More importantly, GPT-3 suffers from a wide variety of machine learning biases. Because the model was trained on internet text, it exhibits many of the biases that people display in their online texts. For example, two researchers found GPT-3 to be particularly adept at generating radical texts such as rhetoric that mimicked conspiracy theorists. This offers extremist groups an opportunity to automate their hate speech. Also, the quality of the generated text is so high that people are starting to worry that GPT-3 will be used to create “fake news” articles.
History of GPT-3?
Founded in 2015 as a nonprofit, OpenAI developed GPT-3 as one of its research projects to tackle the larger goals of promoting and developing friendly AI in ways that benefit humanity as a whole. The first version of GPT was released in 2018 and contained 117 million parameters. The second version of the model, GPT-2, was released in 2019 with approximately 1.5 billion parameters. The latest version, GPT-3, puts a big difference over the last model with over 175 billion parameters, which is more than 100 times the previous model and more than ten times that of comparable programs.

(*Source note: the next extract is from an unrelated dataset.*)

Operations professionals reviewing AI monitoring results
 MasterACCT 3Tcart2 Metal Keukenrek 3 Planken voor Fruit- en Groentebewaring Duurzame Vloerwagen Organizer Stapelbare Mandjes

OpenAI has gradually released access to the model to see how to use it and avoid potential problems. The model was initially released for free during a beta period that required users to apply to use the model. However, the beta period ended on October 1, 2020, and the company has released a pricing model based on a tiered credit-based system, ranging from free access for 100,000 credits or three-month access to hundreds of dollars per month for larger loans. In 2020, Microsoft invested $1 billion in OpenAI to become the exclusive licensee of the GPT-3 model.
The Future of GPT-3?
OpenAI and others are working on even more powerful and larger models. There are a number of open source efforts at play this one joins in to provide a free and unlicensed model as a counterweight to Microsoft exclusive ownership. OpenAI plans larger and domain-specific versions of its models trained on different and more diverse text types. Others are looking at different use cases and applications of the GPT-3 model. However, Microsoft’s proprietary license poses challenges for those who want to embed the capabilities into their applications.